Enable Caching For a Task - SDK?¶
In order to enable your task to be cached, mark
@task(cache=True, cache_version='1.0.0') def hash_string_task(original: str) -> str: ...
A task execution is cached based on the Project, Domain, cache_version, the task signature and inputs associated with the execution of the task.
Project: A task run under one project cannot use the cached task execution from another project. This could cause inadvertent results between project teams that could cause data corruption.
Domain: For separation of test, staging, and production data, task executions are not shared across these environments.
cache_version: When task functionality changes, you can change the cache_version of the task. Flyte will know not to use older cached task executions and create a new cache entry on the next execution.

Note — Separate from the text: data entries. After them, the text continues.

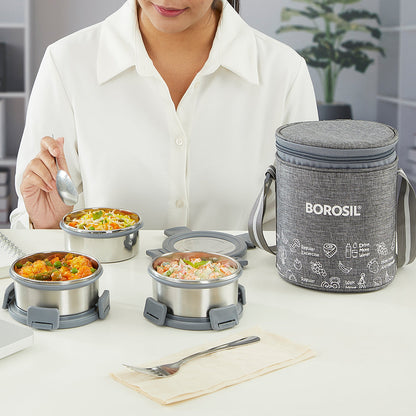 Slate Round Stainless Steel Lunchbox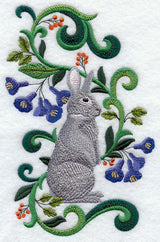 Rabbit in Flowers - Standard Chinchilla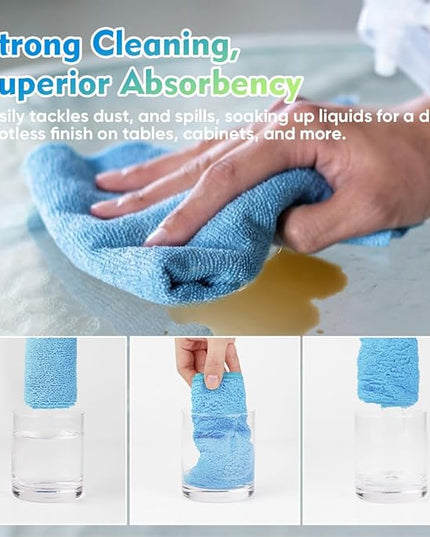 HOMEXCEL Blue Microfiber Cleaning Cloth 20 Pack 11.5 x 11.5 inch Microfiber Towels for Cars Ultra Absorbent Car Washing Cloth Lint Free Streak Free Cleaning Rags for Car, Kitchen Window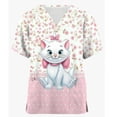 thumbnail image 2 of Uniformes de trabajo dental veterinario Disney Pet Mary Cat Print Camisa de manga corta Ropa de salón de belleza de enfermería Ropa de mujer Uniforme médico lindo, 2 of 4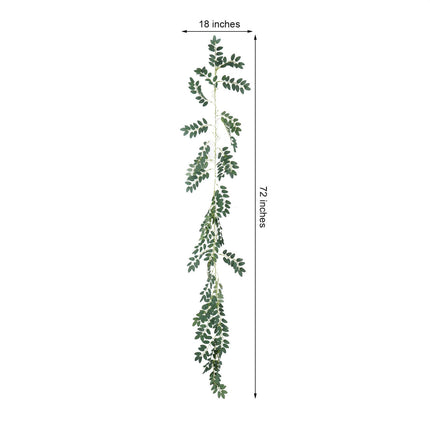 AliKopy 2 Pack 6ft Green Artificial Honey Locust Leaf Garland, Flexibl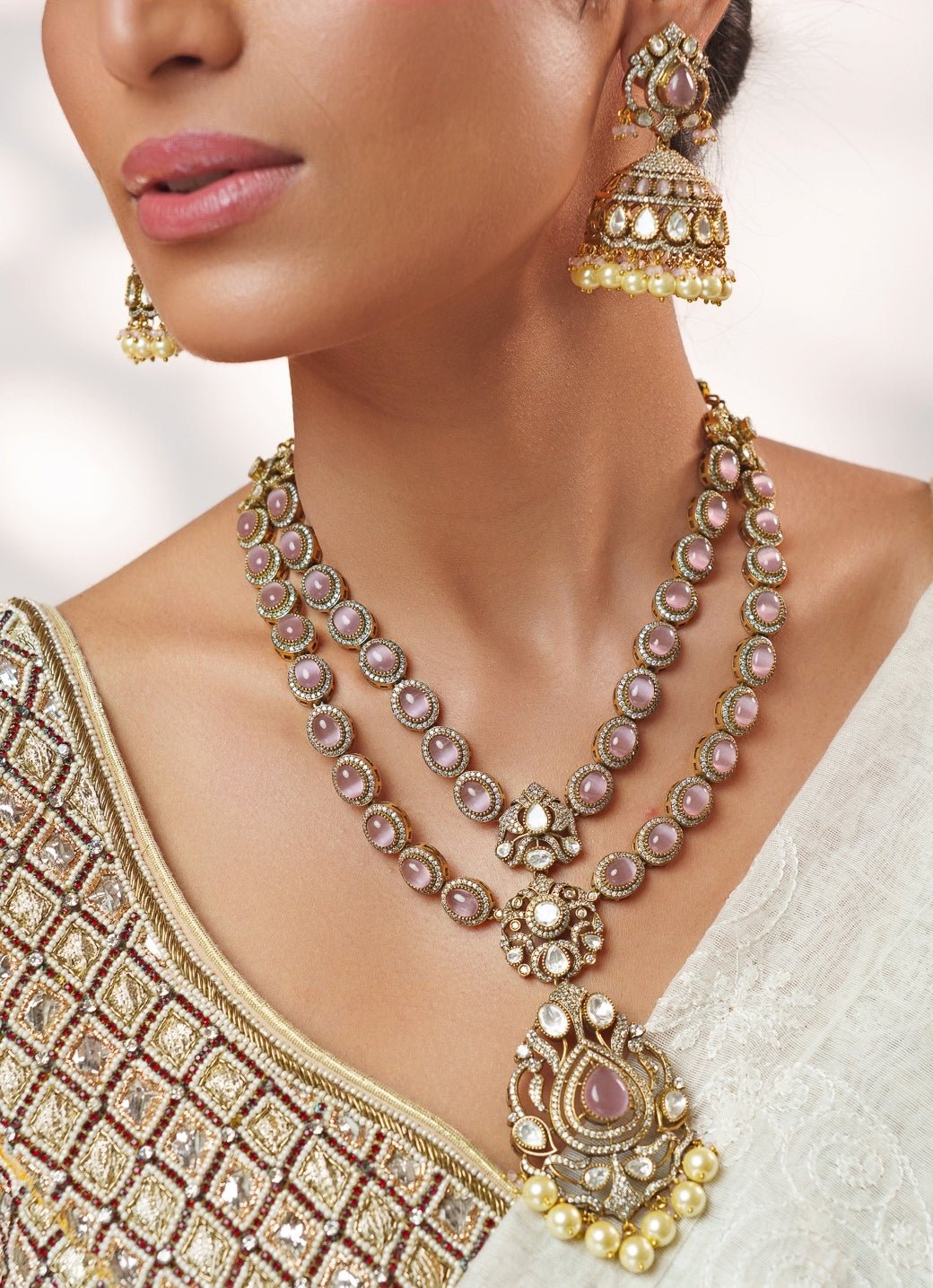 Pink Stone And Polki Two Tone Long Necklace Set Zevar by Geeta - Fabilicious Fashion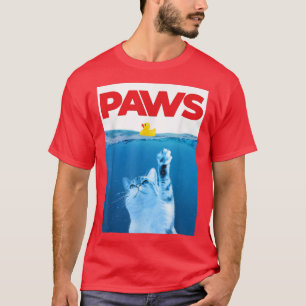 PAWS Cat And Yellow Rubber Duck Cute Kitten Funny T-Shirt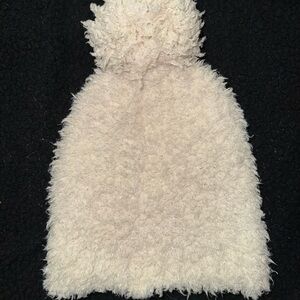 Cozy White Fuzzy Pom-Pom Beanie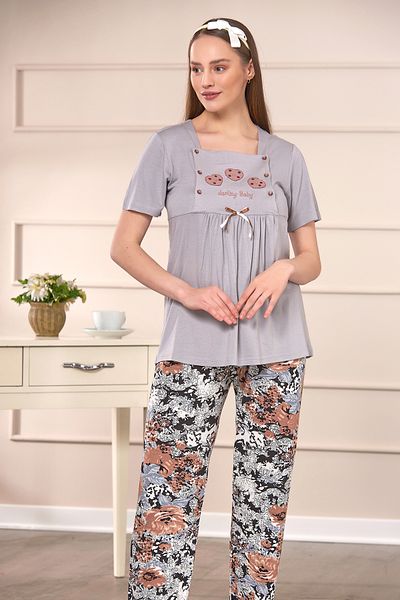 Emose Cotton Maternity Pajama Set with Maternity Dressing Gown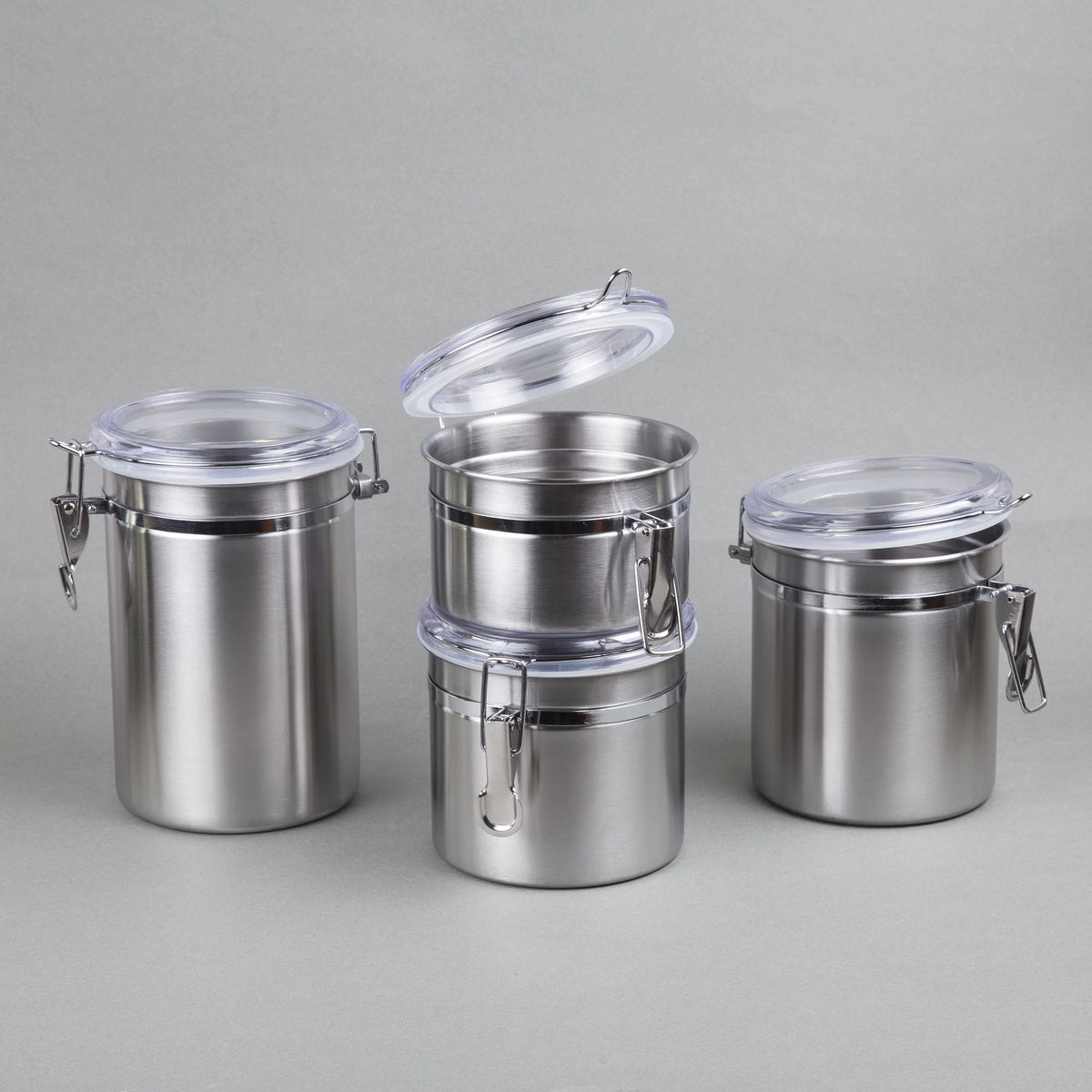 Set of 4 Stainless Steel Canister Set with Air Tight Lid U9185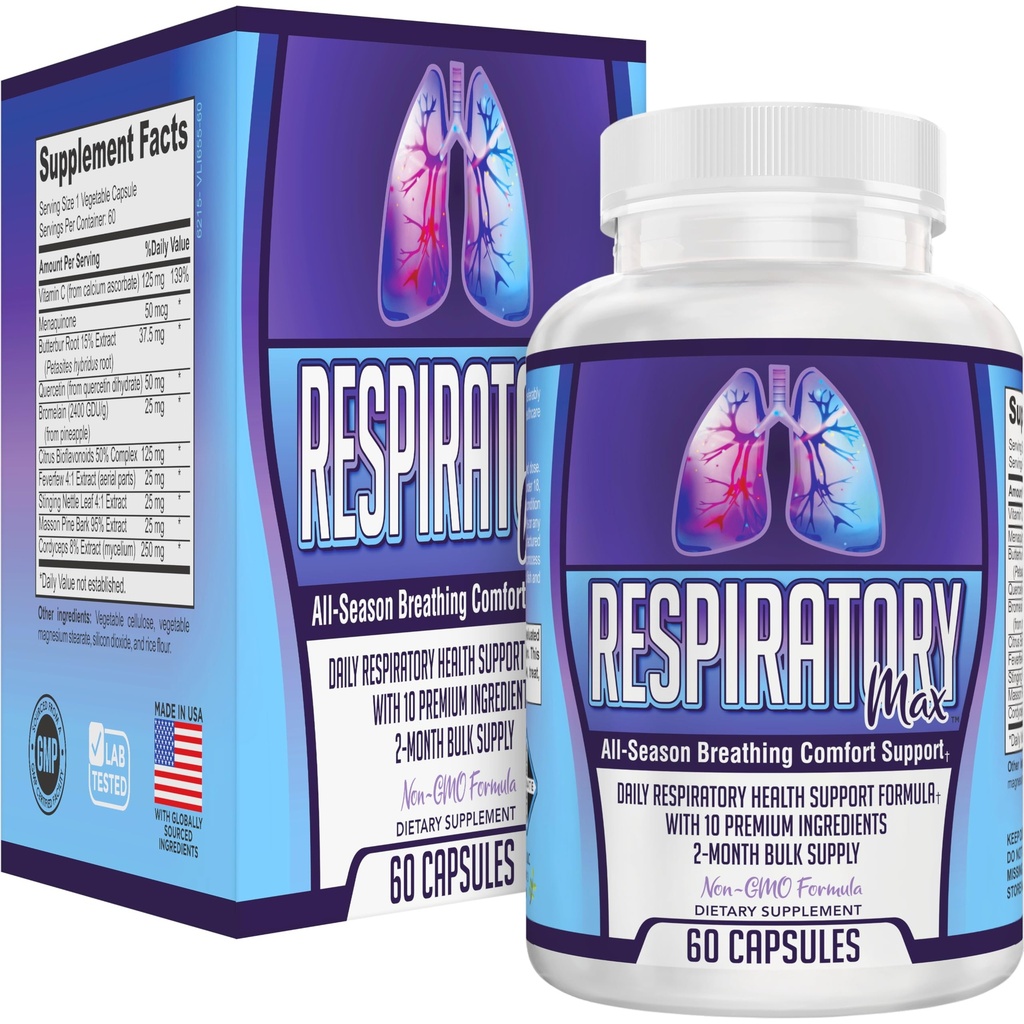 Respiratory Health Supplement 10-in-1 Blend | 2-Month Bulk Supply | Atmungsunterstützung Ergänzungen, Vitamine & Kräuter | Atmungsaktives System Ernährungsunterstützung für starke Lunge | 60 Kapseln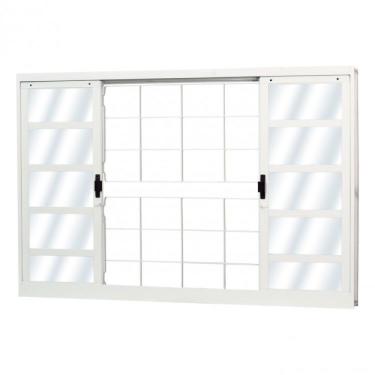 Imagem de Janela de Correr Aço 4 Folhas com Grade Quadriculada Mgm Minas Sul 100cmx150cm Vidro Liso Incolor Branco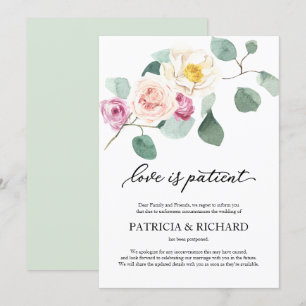 Liefde is geduldig uitstellen huwelijk eucalyptus kaart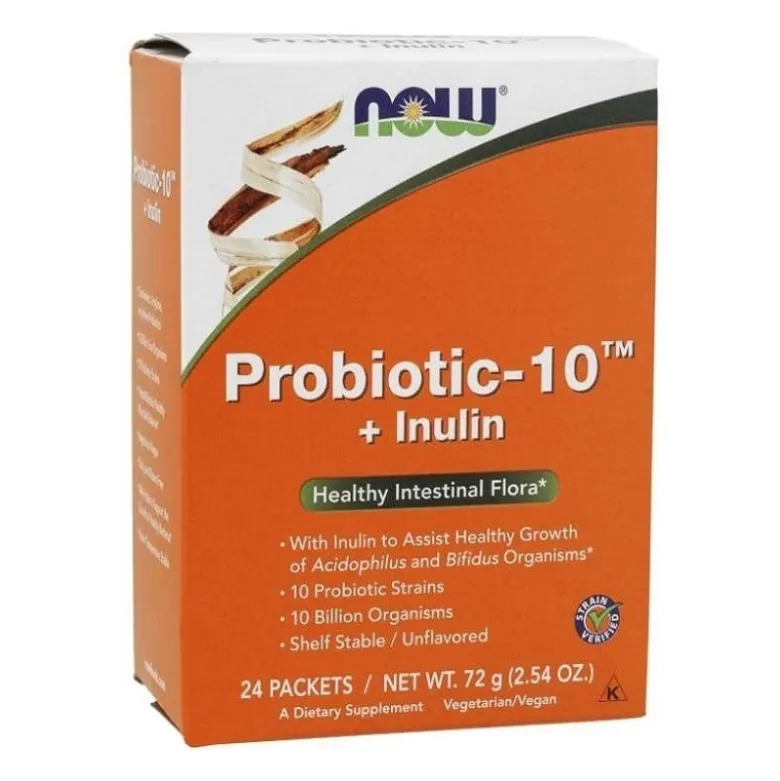 NOW FOODS Probiotic-10 + Inulin 24 sasz.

Task signature:: The cache is specific to the task signature that is associated with the execution. The signature is made up of task name, input parameter names/types and also the output parameter name/types.
Task input values: A well-formed Flyte Task always produces deterministic outputs. This means given a set of input values, every execution should produce identical outputs. When a task execution is cached, the input values are part of the cache key.
Notice that task executions can be cached across different versions of the task. This is because a change in SHA does not neccessarily mean that it correlates to a change in task functionality.
Flyte provides several ways to break the old task execution cache, and cache new output:
cache_version: this field indicates that the task functionality has changed. Flyte users can manually update this version and Flyte will cache the next execution instead of relying on the old cache.
Task signature: If a Flyte user changes the task interface in any way (such as by adding, removing, or editing inputs/outputs), Flyte will treat that as a task functionality change. On the next execution, Flyte will run the task and store the outputs as new cached values.